Perception of dry mouth is closely related to salivary flow. Saliva is needed for:
• Taste: dissolves food to present to taste buds
• Swallow: helps form food bolus
• Protection of teeth and mucosa: contains antibacterials, buffers, and mucin. Rapid tooth decay is a risk of xerostomia
Xerostomia is not a normal ageing change and should always be investigated. Causes include:
• Drugs with anticholinergic side effects (e.g. tricyclic antidepressants, levodopa)
• Sjögren’s syndrome (an autoimmune destruction of salivary glands) can be 1° or associated with other autoimmune conditions
• Irradiation, salivary stones, tumours, sialadenitis (viral or bacterial infections)
Treatment depends on cause—stop or ↓ causative drugs, stimulate saliva with grapefruit juice/sugar-free sweets or mints, and promote frequent careful mouthcare.

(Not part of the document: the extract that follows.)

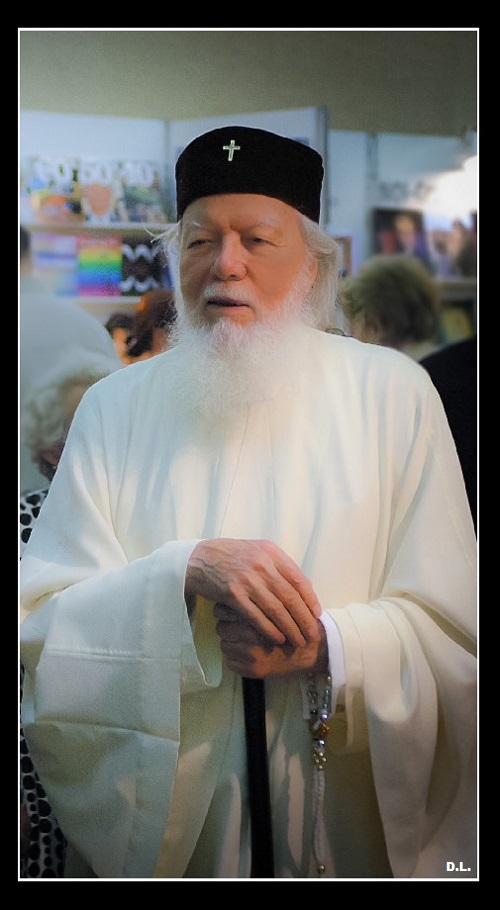 Prea Fericitul Parinte Patriarh Teoctist - Foto Dinu Lazar pentru Ziaristi Online Ro 3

Artificial saliva can provide symptomatic relief for some patients.
May manifest as oral thrush (with removable white plaques on an erythematous base), angular stomatitis (sore cracks in the corner of the mouth), or rarely atrophic forms (e.g. under dentures, may not have creamy plaque). Consider and reverse risk factors such as antibiotics, steroids, hyperglycaemia, and immunosuppression, where possible. Use nystatin 1mL qds, rinsed around the mouth for several minutes. In cases with painful swallowing/dysphagia (i.e. might have oesophageal involvement) and those that cannot comply with rinses, use oral fluconazole 50–100mg od for 7–14 days. Dentures should be kept out where possible and soaked in chlorhexidine during treatment.

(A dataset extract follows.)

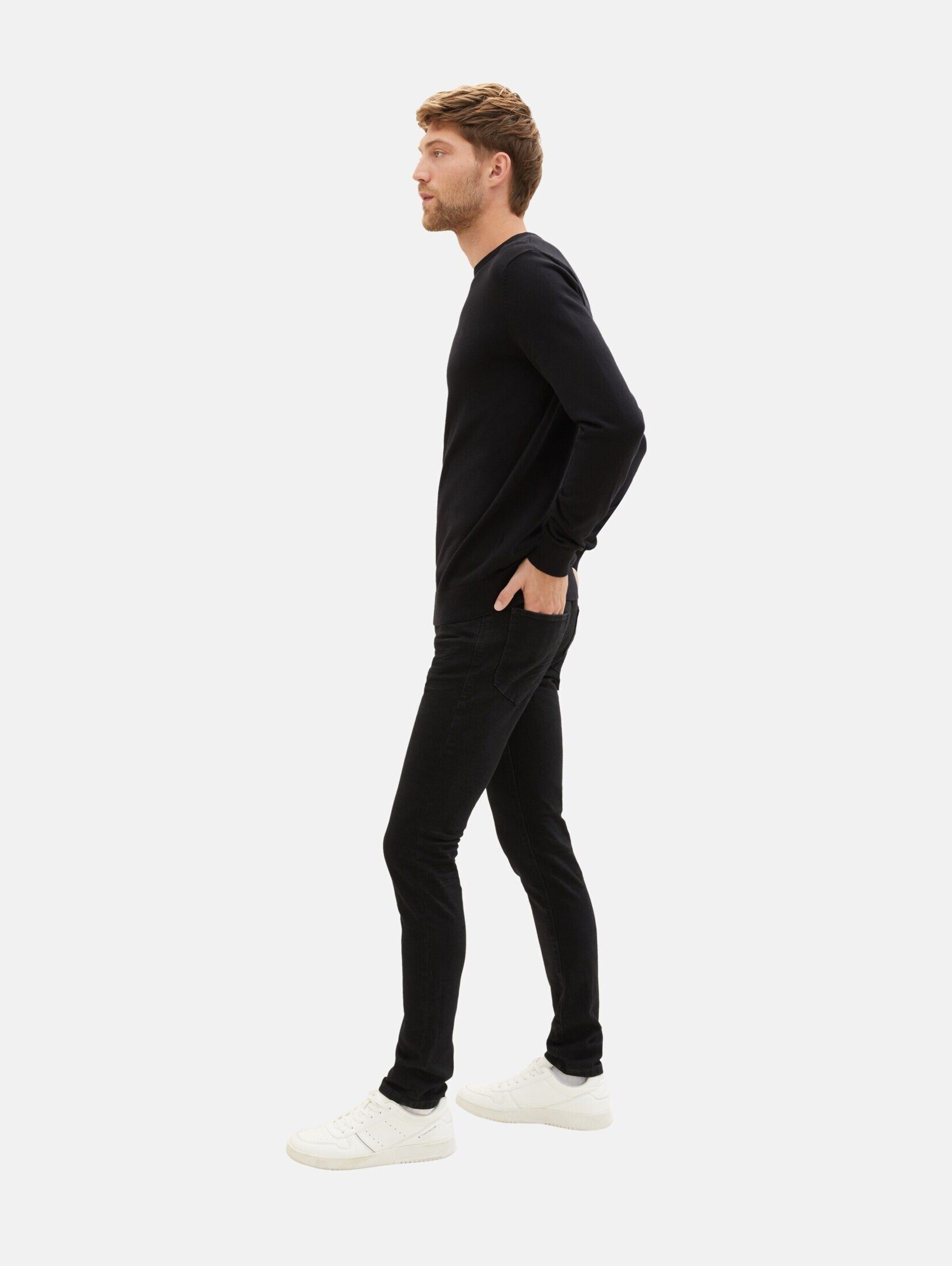 TOM TAILOR Slim-fit-Jeans Troy (1-tlg) günstig online kaufen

Simple aphthous ulcers and ulcers due to poorly fitting dentures should be treated with topical anti-inflammatories (salicylate gel or triamcinolone), hydrocortisone lozenges, or steroids. Ulcers can occur as part of a systemic disease such as inflammatory bowel disease. Any oral lesion persisting >3 weeks merits referral and/or biopsy to exclude cancer, but most mouth cancers are painless.
A very long list of manifestations, including common and general (e.g. oral candidiasis in immunosuppression), as well as rare and specific (e.g. oral lichen planus). Remember that many drugs also affect the mouth, e.g. xerostomia (see ‘Xerostomia’, p. 353), tardive dyskinesia with antipsychotics, and gum hypertrophy with phenytoin.

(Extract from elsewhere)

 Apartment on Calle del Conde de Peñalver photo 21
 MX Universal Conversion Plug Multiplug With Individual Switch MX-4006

Poor oral hygiene with dental or periodontal disease can cause septicaemia or infective endocarditis. Poor teeth can contribute to poor nutrition.
With normal ageing, there are:
• Reduced calorie requirements due to reduced activity and lower resting metabolic rate (↓ muscle mass)
• Reductions in appetite (anorexia of ageing)
• Lower reserves of macro- and micronutrients (vitamins and minerals)
In the presence of disease, older patients quickly become malnourished, which is a powerful predictor of outcome (↑ functional dependency, morbidity, mortality, and use of health-care resources).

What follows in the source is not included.